Image-caption web data:
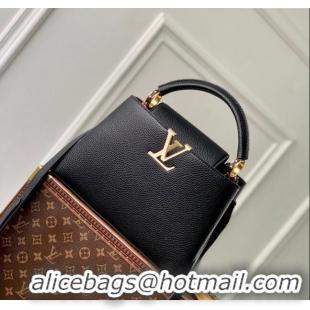 Best Grade Louis Vuitton Capucines MM Bag in Black Taurillon Leather with Lovelock Chain M23950 2024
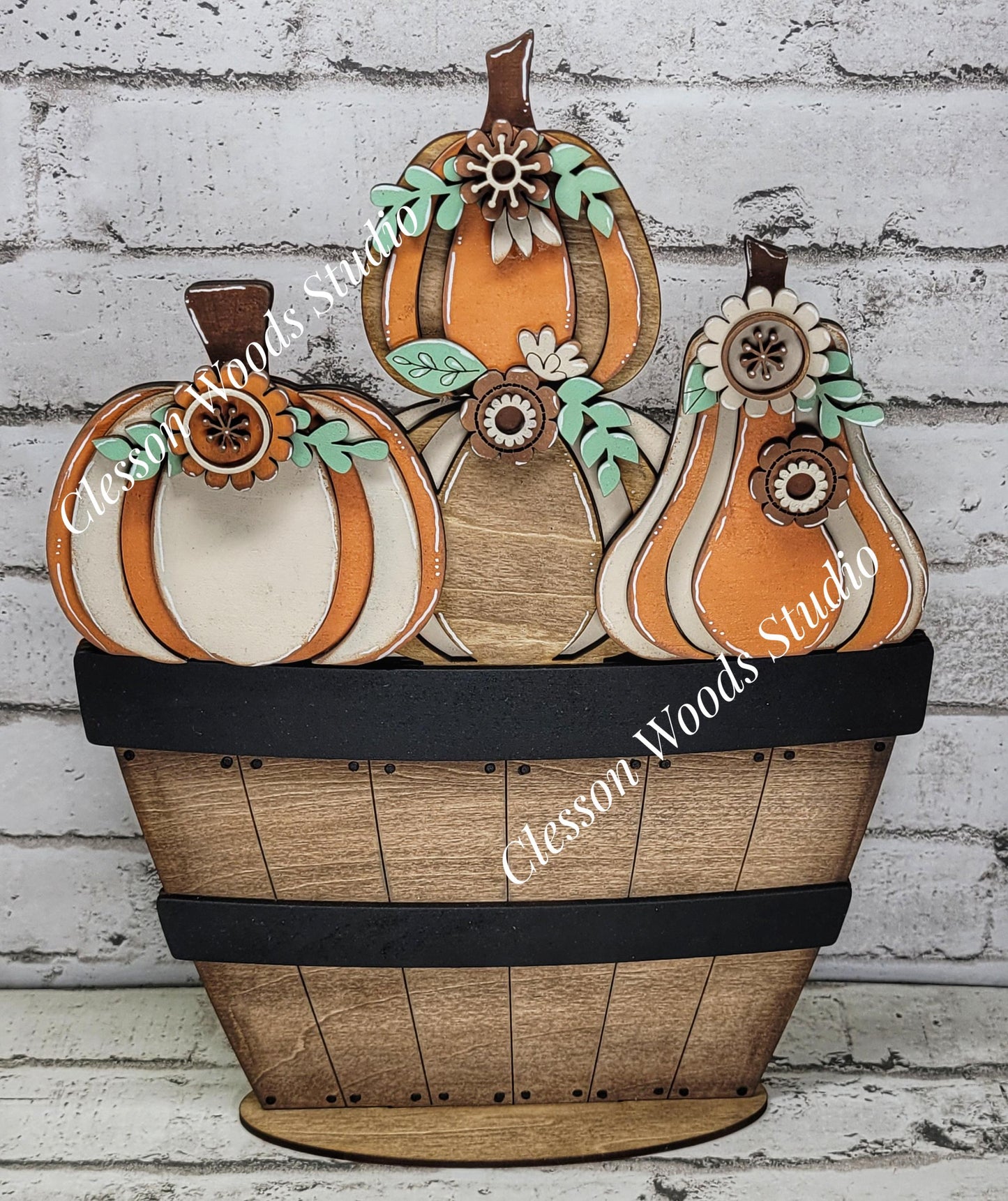 Pumpkins & Flowers Insert for Large Basket or Crate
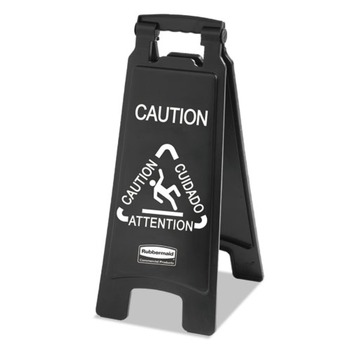 MAILROOM EQUIPMENT | Rubbermaid Commercial 1867505 Executive 2-Sided Multi-Lingual 10-9/10 in. x 26-1/10 in. Caution Sign - Black/White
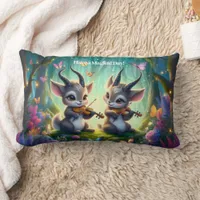 Cute Saolas Playing Violas in a Magical Forest Lumbar Pillow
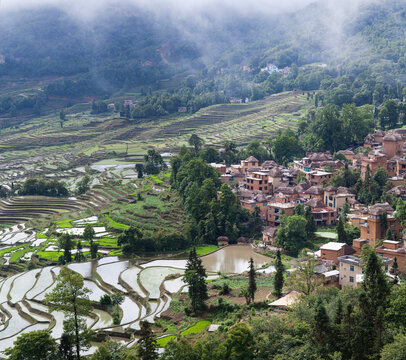 Scenery Of  Yuanyang Village Over Terraced Rice Fields In Yunnan Province Of China. Yuanyang Is In Honghe Hani And Yi Autonomous Prefecture Of Yunnan.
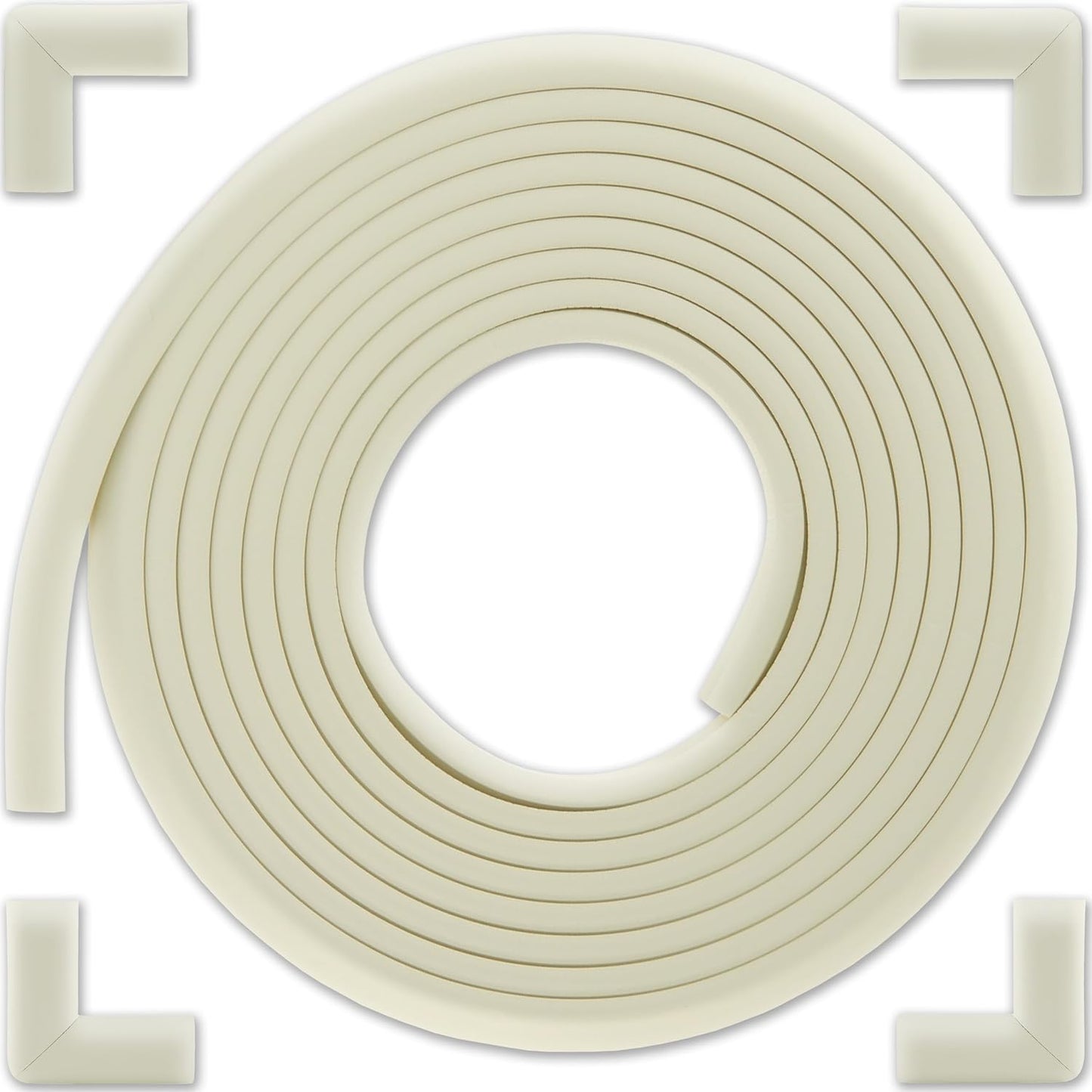 Bébé Earth Baby Proofing Edge and Corner Guard Protector Set for Back to School, 20 Feet Edges & 8 Foam Corners, Furniture and Tables Child Baby Proof Bumpers, Pre-Taped Corner Cushions - Oyster White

• Instructions to follow
An exact copy of the data above is required, printed without its pictures.

• Final answer
 Best Grade Louis Vuitton Capucines MM Bag in Black Taurillon Leather with Lovelock Chain M23950 2024
 Pumpkins & Flowers Insert for Large Basket or Crate
 MAILROOM EQUIPMENT | Rubbermaid Commercial 1867505 Executive 2-Sided Multi-Lingual 10-9/10 in. x 26-1/10 in. Caution Sign - Black/White
 Cute Saolas Playing Violas in a Magical Forest Lumbar Pillow
 Scenery Of  Yuanyang Village Over Terraced Rice Fields In Yunnan Province Of China. Yuanyang Is In Honghe Hani And Yi Autonomous Prefecture Of Yunnan.
 Bébé Earth Baby Proofing Edge and Corner Guard Protector Set for Back to School, 20 Feet Edges & 8 Foam Corners, Furniture and Tables Child Baby Proof Bumpers, Pre-Taped Corner Cushions - Oyster White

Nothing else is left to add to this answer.